Friends Outside the Legal Department? Sure, but Be Careful

By Casey C. Sullivan, Esq. on April 01, 2015 | Last updated on March 21, 2019

Making friends outside the legal department can be difficult. For one, you might be shy or maybe you lack the shared interests needed to make a friendship stick. Or, maybe you just know too much inside dirt.

For in-house lawyers, spreading your social connections outside your department can raise some tricky issues.

Who Doesn't Want More Friends

The legal department can often seem like an outsider within a business. After all, their work isn't usually tied to the company's actual business, but rather to making sure that it gets done legally and with the least liability possible. The in-house counsel can often be the in-house nag -- constantly reminding the rest of the business that, no, it shouldn't be done that way. Making friends in other departments can be an easy way to cross this divide, giving lawyers not just more ways to socialize, but an inside view on how the rest of the world goes about their business. That can help counsel make more informed decisions later on.

Remember Who You Work For

At the same time, being friends with other employees can raise issues, when your client and professional loyalties must be to the corporation. For in-house lawyers, attorney-client relationship is developed between the attorney and the corporate entity itself; it's the corporation's interests that the lawyer must advance, not the employees. This can create a bit of awkwardness when your good friend in accounting needs to be deposed over those missing funds.

Loose Lips Sink Ships

Similarly, being too friendly with other employees can create the risk violating an attorney's duty to confidentiality. Since much of the common ground with co-workers, even when they're close friends, involves work itself, there's plenty of chances for confidential information to get accidentally shared.

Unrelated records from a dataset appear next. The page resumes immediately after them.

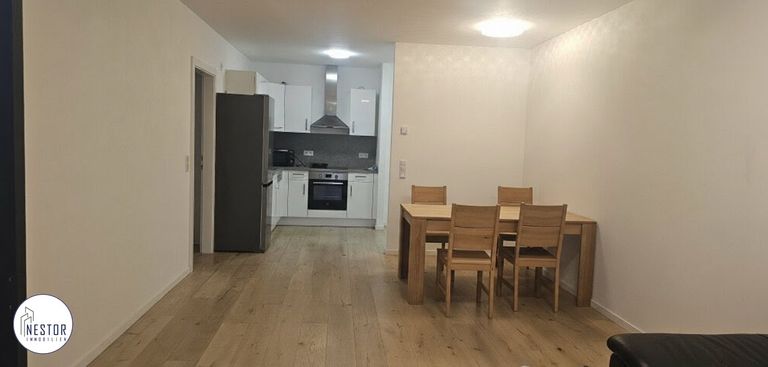 Wohnung - NESTOR Immobilien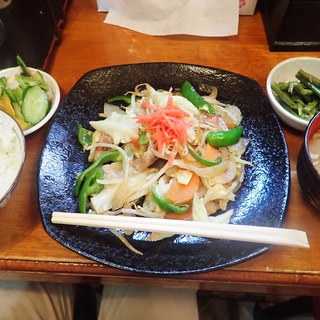 居酒屋ねこ八_0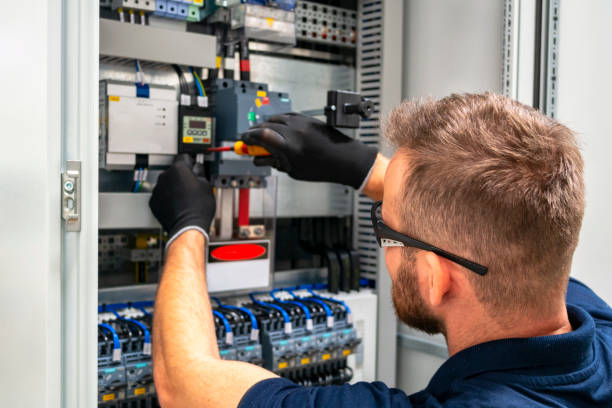 Best Electrical Upgrades for Homes  in Lexington, MO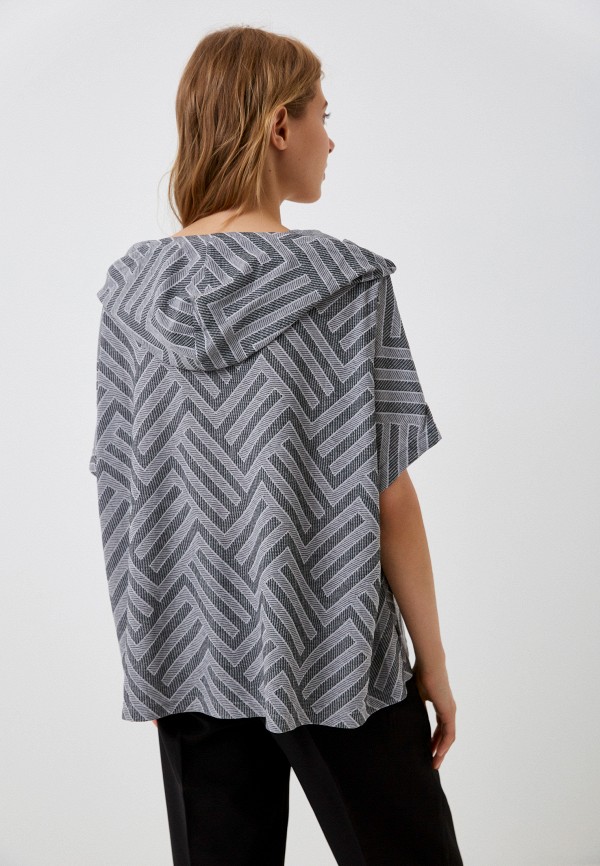 фото Футболка madam t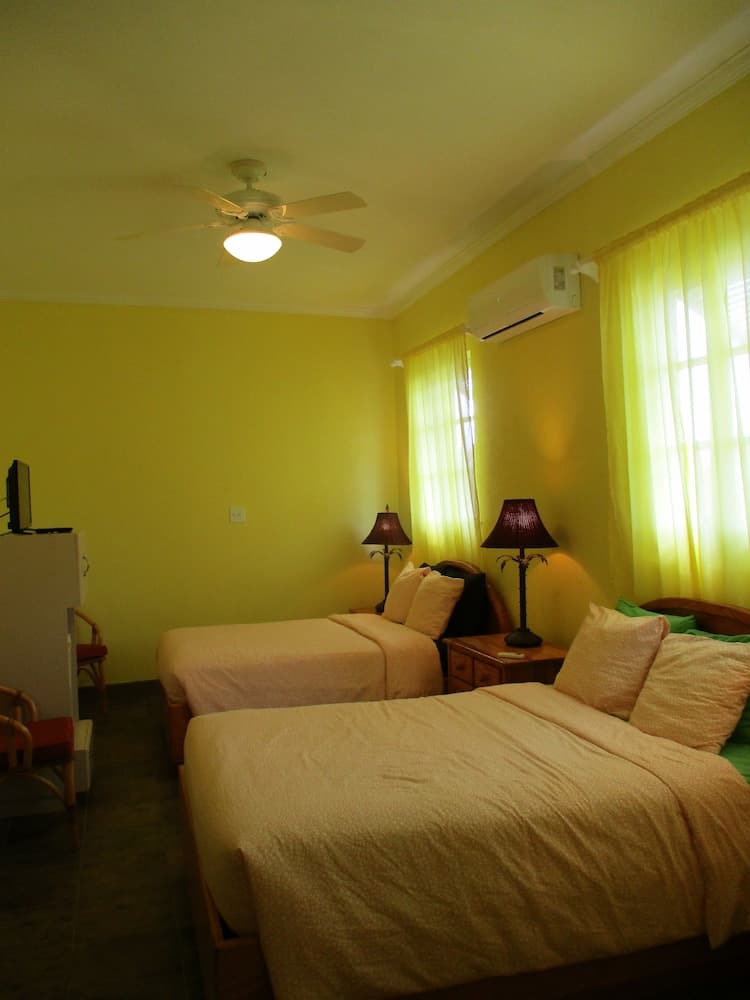 Harlem B & B photo 6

If you're the kind of friend to get gossipy during happy hour, this can cause big problems later on. Under Federal Rule of Evidence 502, if privileged material is disclosed "inadvertently," the disclosure does not waive privilege. But, in order to trigger the protection, the attorney must have taken reasonable steps to protect the information in the first place. Lawyers who haven't taken those steps may not be able to claim that information is confidential later.

Of course, these risks aren't anything new to lawyers. Considerations of confidentiality and loyalty to their clients are a major part of practice. However, for in-house counsel, since the interests of their client, a legal abstraction, can often conflict with the interests of its component parts, the company's employees, extra caution should be taken in all interactions, friendly and professional.